Hans Joachim Meyer (born 13 October 1936) is a German politician (CDU).   He served in the de Maizière cabinet as the last East German Minister for Education and the Arts.   After reunification he became  in the regional government of Saxony.   In addition, he served between 1997 and 2009 as President of the Central Committee of German Catholics ("Zentralkomitee der deutschen Katholiken" / ZdK).

Life 
Hans Joachim Meyer was born in Rostock. He grew up, after 1945, in the Soviet occupation zone which was relaunched in October 1949 as the Soviet sponsored German Democratic Republic (East Germany).   After successfully completing his school studies in Rostock he moved to the Berlin area.  He attended the  ("Deutsche Akademie für Staats- und Rechtswissenschaft") in Potsdam between 1955 and 1958 but was excluded after six terms before he could complete his degree because he "failed to connect with the working class" (wegen "mangelnder Verbindung zur Arbeiterklasse").  The real issue, he later told an interviewer, was his commitment to the Catholic Church.    His decision while still at school to join the CDU back in 1952, at a time when the ruling party was engaged in a robust campaign to take control of rival political parties, will already have drawn him to the attention of the authorities as a potential dissident in the making.   For the next year he worked as an "assistant" at the VEB Lokomotivbau Potsdam-Babelsberg (factory) as the nearby rail-locomotive plant was known at that time.   After that, resigning from the CDU in 1961, he was able to restart his university studies, now embarking on a course at the Humboldt University of Berlin of English and American Studies and Philology.   His decision to select a subject that was seen by the authorities as less directly political was vindicated, in that this time he was able to complete his course, emerging with his university degree in 1964.   He remained at the Humboldt as a teacher and senior research assistant between 1964 and 1982.  He received his doctorate in 1971.   His dissertation was, again, resolutely non-political:  it comprised a semantic analysis of the modern English verb prefix "Up" when compared to related prefixes in English and German ("Semantische Analyse der modernenglischen Verbalpartikel "up" im Vergleich zu verwandten englischen und deutschen Verbalpartikeln").  Ten years later his habilitation, received in 1981, could have opened the way to a lifelong university career, had "events" not intervened.    He was assigned to the Foreign Languages section between 1973 and 1977, becoming deputy director for education and training.  Between 1978 and 1990 he headed up the Intensive Languages Training section at the Humboldt.   He also held an appointment as Professor of Applied Linguistics between 1985 and 1990.

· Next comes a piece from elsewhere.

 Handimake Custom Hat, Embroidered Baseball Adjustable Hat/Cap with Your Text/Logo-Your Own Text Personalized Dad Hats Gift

During his academic career in East Berlin Meyer was engaged with the church.  Between 1973 and 1975 he served as a member of the Dresden Pastoral Synod of the region covered by the German Democratic Republic.   Between 1976 and 1982 he worked with the Pastoral Council for the Bishopric in respect of East Berlin.

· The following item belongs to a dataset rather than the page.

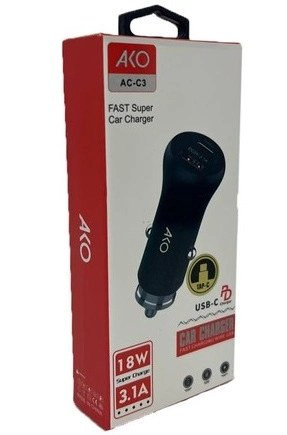 شارژر فندکی فست شارژ آکو مدل AC-C3 به همراه کابل TYPE-C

During the later 1980s the winds of Perestroika blowing cross from, of all places, Moscow, found a growing resonance on the streets in the German Democratic Republic, (even if the government was appalled).   In November 1989 street protestors broke through the Berlin Wall, and it quickly became apparent that Fraternal Forces from the east had received no orders to intervene militarily.   There would be no repeat of 1953 or of the tragedy of 1968 in Prague.   A seemingly unstoppable series of events now unfolded leading to the country's first (and, as matters turned out, last) free and fair election.   In previous general elections, turn-pout had always been recorded at around 99% of eligible voters and the proportion of votes cast for the  ruling Socialist Unity Party had always been recorded at around 99% of votes cast.   However, results in March 1990 indicated significant levels of support for various political parties, with the CDU and its centre-right allies winning 48% of the votes.   Shortly after that Meyer received and accepted an invitation to join the new government headed up by Lothar de Maizière, despite not being at this stage a member of any political party, and despite not having stood for election to the national parliament ("Volkskammer").   Between 12 April and 3 October 1990 Meyer served as the German Democratic Republic's last Minister for Minister for Education and the Arts.   His responsibilities included participation as leader of the East German delegation at the  between May and September 1990.   The commission was mandated to adapt an education system that would be implemented across a unified Germany. The commission's output was summarized in the Reunification Treaty (Articles 37 & 38) which came into force in October 1990 and was then implemented both at government level and on the ground.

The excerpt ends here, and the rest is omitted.